#### What you have to do
Repeat verbatim what the listing holds, but not its pictures.

#### Raw data

*-*-*

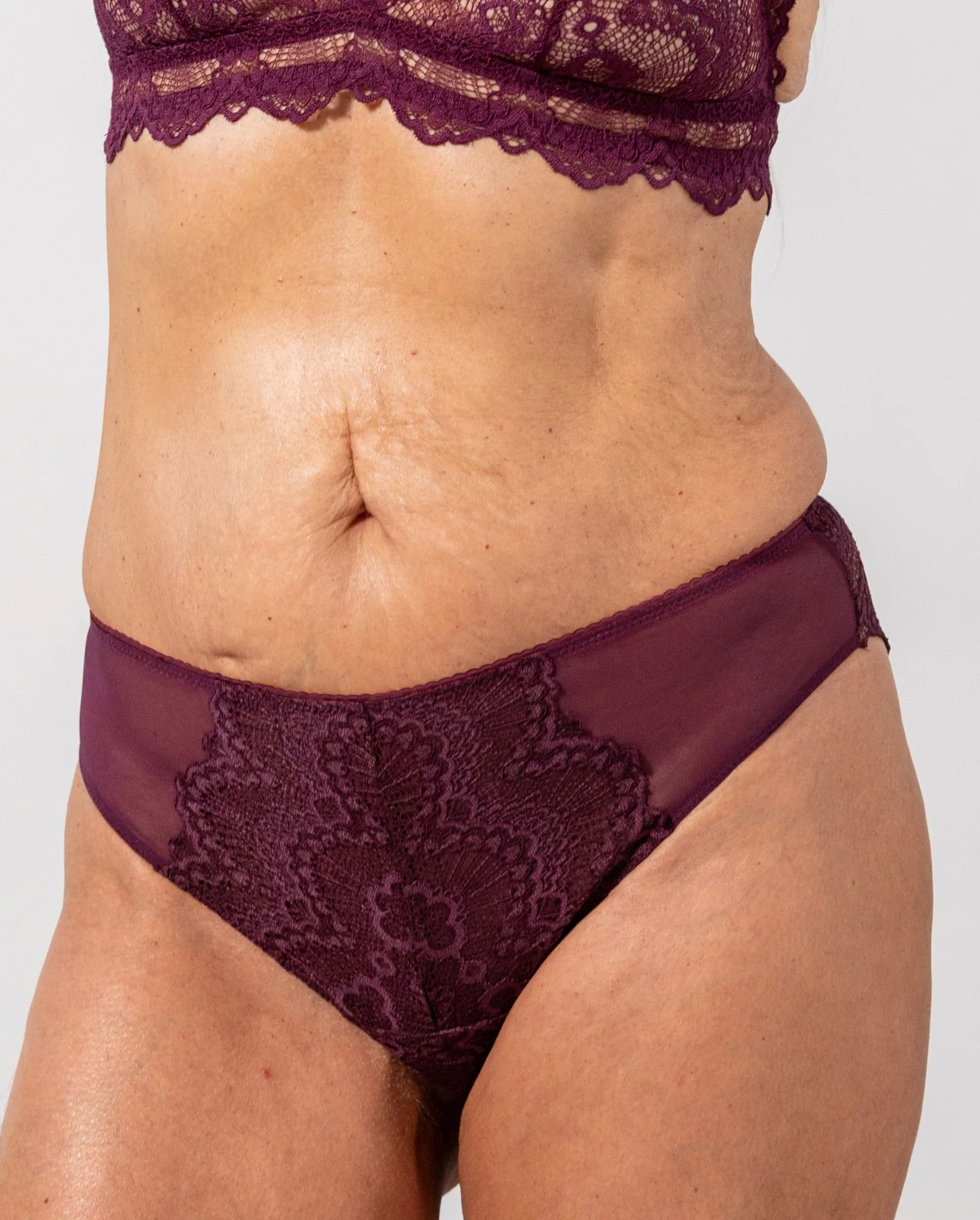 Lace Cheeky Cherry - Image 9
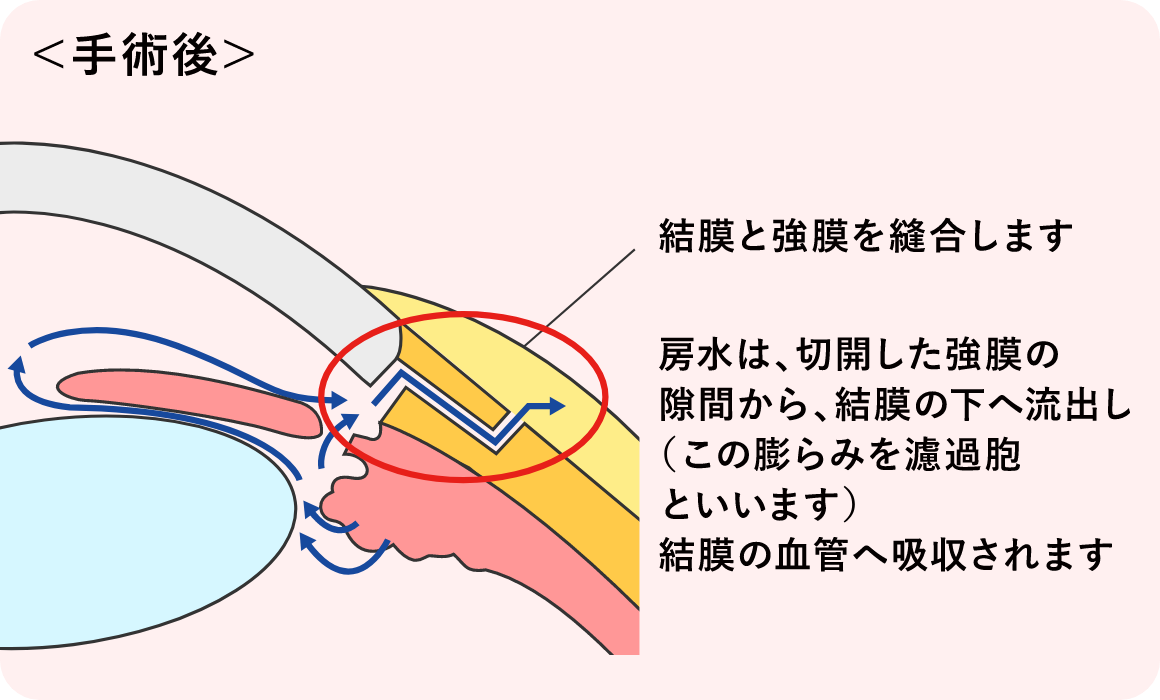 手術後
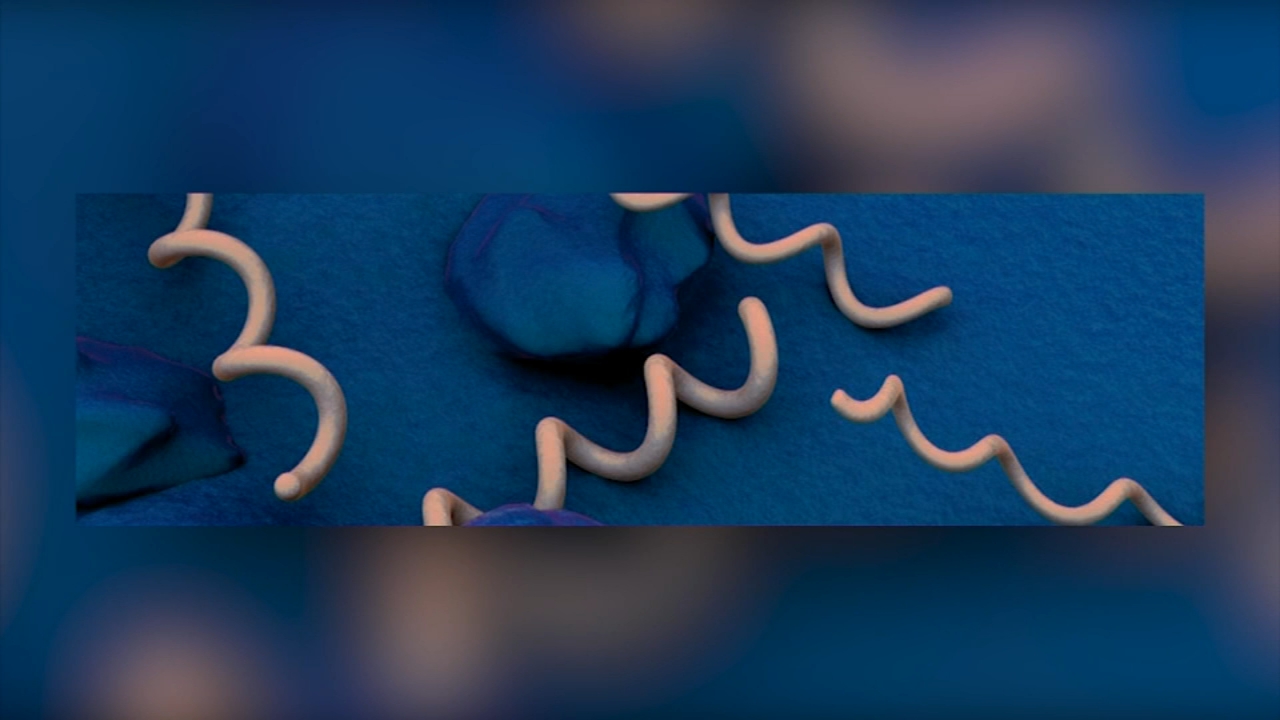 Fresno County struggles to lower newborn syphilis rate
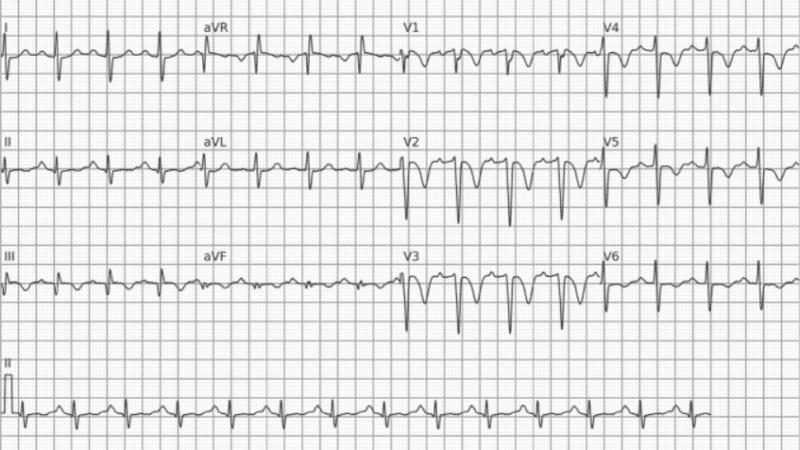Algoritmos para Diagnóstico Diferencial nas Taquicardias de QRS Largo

*-*-*

#### Reply to the task
 Lace Cheeky Cherry - Image 9
 手術後
 Fresno County struggles to lower newborn syphilis rate
Algoritmos para Diagnóstico Diferencial nas Taquicardias de QRS Largo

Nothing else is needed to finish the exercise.